2016, année test pour les UC et l’eurocroissance

Le bilan est formel : l’assurance vie a non seulement confirmé l’an dernier son statut de « placement préféré des Français » (les cotisations ressortent en hausse de 4,9 %, à 135 Md€, et l’encours de 4 %, à 1 580 Md€), mais surtout opéré un virage historique sur les UC, lesquelles représentent 54 % des 24,6 Md€ de collecte nette. Du jamais vu ! Reste à transformer l’essai dans un contexte de grande volatilité des marchés financiers. L’appétit des épargnants pour les placements à risque se confirmerat- il cette année ? « 2016 sera un test sur les UC », reconnaît Bernard Spitz, le président de l’AFA. Une chose est sûre : euro ou UC, vu le contexte d’inflation zéro, l’assurance vie n’a jamais autant rapporté – respectivement 2,3 % et 4,1 % sur 2015, estime l’AFA – et ce malgré la faiblesse historique des taux d’intérêt. Il est donc « évident », selon les termes de Bernard Spitz, que l’Eurocroissance peine à monter en puissance, car « les conditions ne sont objectivement pas réunies pour son décollage ». À fin 2015, seuls 123.000 contrats Eurocroissance ont été souscrits, représentant 1,7 Md€ d’encours, soit 1,075 % du total de l’assurance vie. Bref, « il faut que la promesse de l’Eurocroissance soit supérieure », notamment à celle des fonds en euros... D’où l’idée, défendue par le gros de la profession, de permettre aux épargnants acceptant de basculer vers l’Eurocroissance (et donc de bloquer leurs fonds pendant au moins 8 ans) de continuer à profiter, au nom du principe de mutualisation, d’une partie des plus-values accumulées sur les contrats en euros. Reste à l’orchestrer sur le plan technique et prudentiel. « Le sujet est délicat, car il est très important. On s’entoure donc d’un maximum de précautions », explique Bernard Spitz.

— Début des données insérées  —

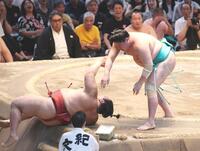 　一山本（右）が下手出し投げで熱海富士を下す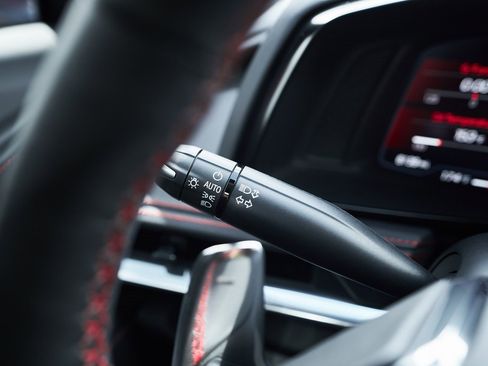 Used 2020 Chevrolet Corvette Stingray Coupe w/ 1LT image 47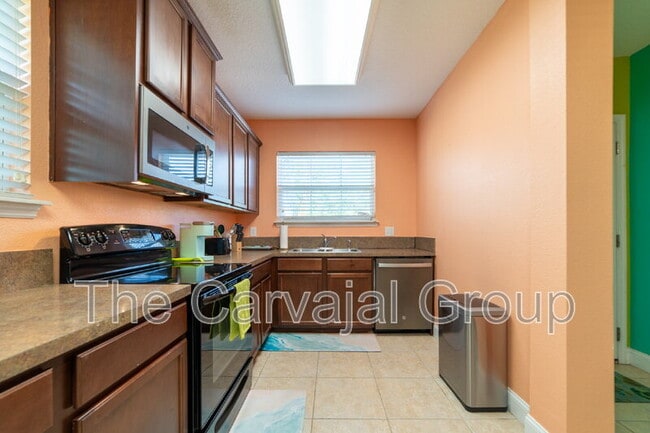 Building Photo - 10100 Green Branch Ct
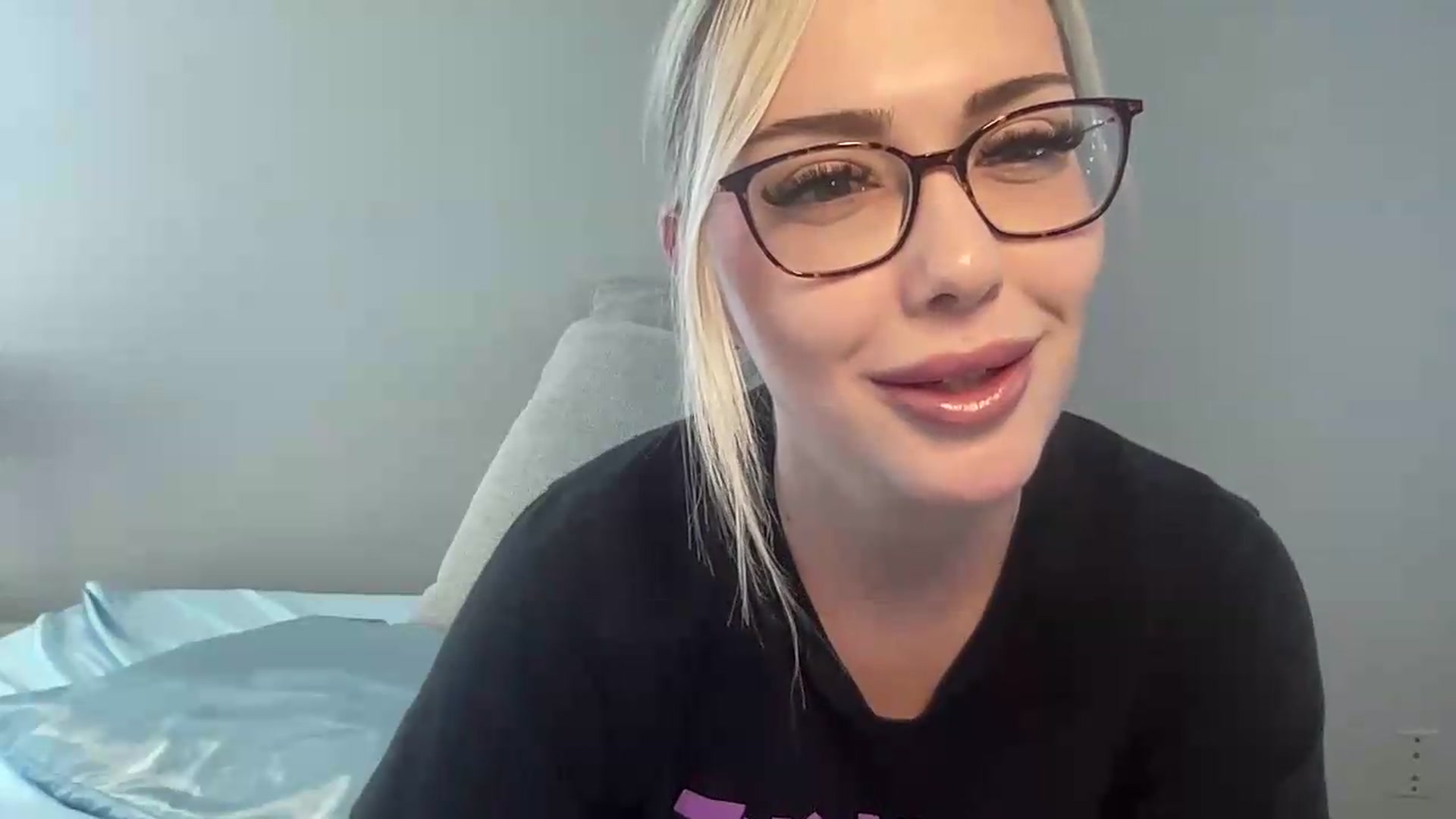 Gallery image thumbnail from AshleyMarina's myfreecams stream on, 06/03/2026, 20:21 image 13 of 20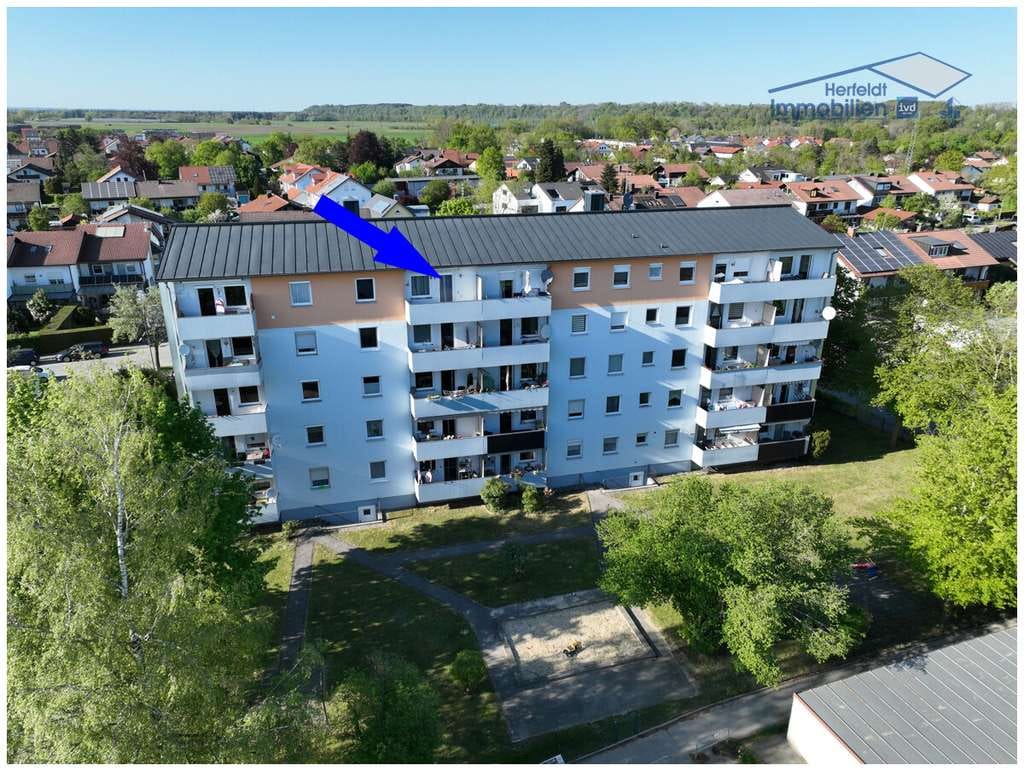 Immobilie in Kaufering - Ganz oben über den Dächern: Stilvoll renovierte 3-Zimmer-ETW mit Südbalkon & Stellplatz - bezugsfrei - Bild 1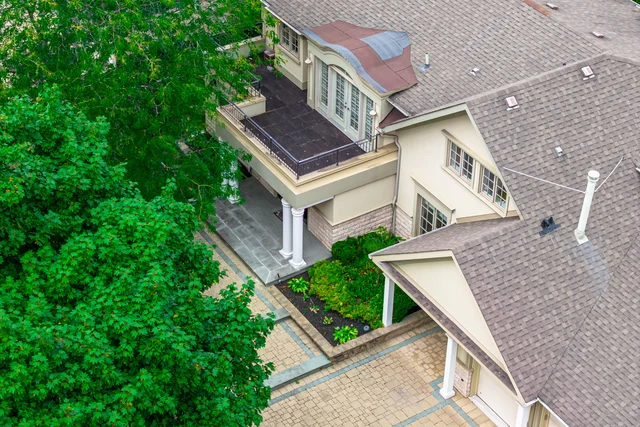 2197 Courrier Lane, Mississauga - photo 6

Sur le fond, tout le monde semble d’accorder sur la nécessité d’inciter à l’épargne longue, en récréant un alignement vertueux entre rendement, risque, et horizon de placement. À cet égard, l’abandon de la loi Noé « ne devrait pas avoir d’incidence négative » selon Bernard Spitz sur la création, annoncée en novembre, de « fonds de pension à la française », étant entendu « qu’il ne faut pas mélanger “fonds de pension” et pension funds à l’anglo-saxonne ». En attendant, la France fait figure d’exception, avec une part de retraite par capitalisation parmi les plus faibles au monde.